### Work to be completed
Only the pictures are to be dropped, and the rest of the data should be copied exactly.

### Data block
________________

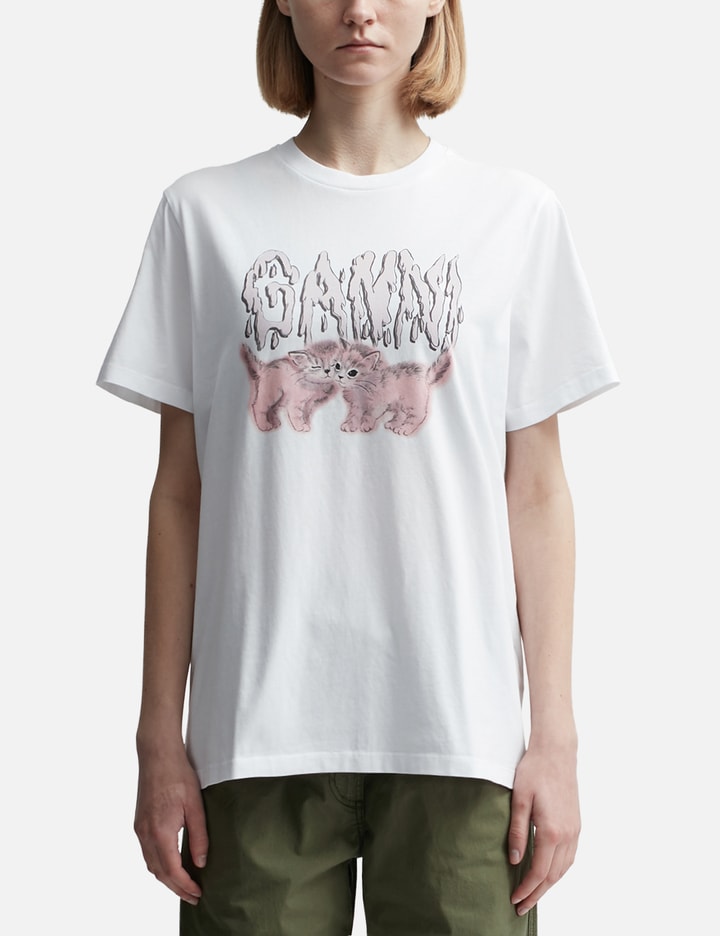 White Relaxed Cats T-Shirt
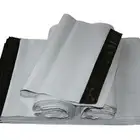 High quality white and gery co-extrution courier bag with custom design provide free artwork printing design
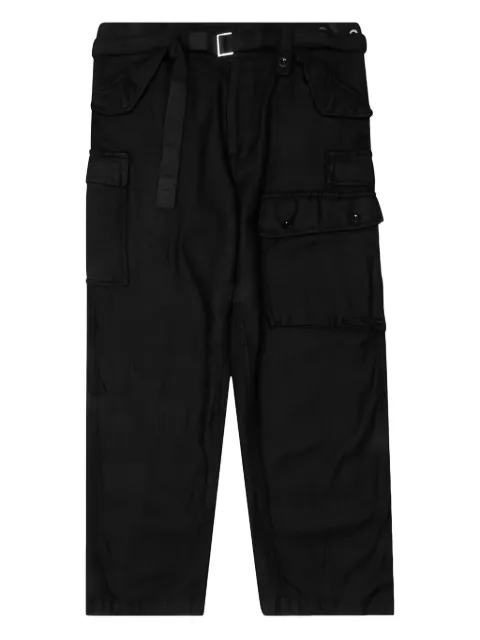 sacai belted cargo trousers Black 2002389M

________________

### Solution to the exercise
 White Relaxed Cats T-Shirt
 High quality white and gery co-extrution courier bag with custom design provide free artwork printing design
 sacai belted cargo trousers Black 2002389M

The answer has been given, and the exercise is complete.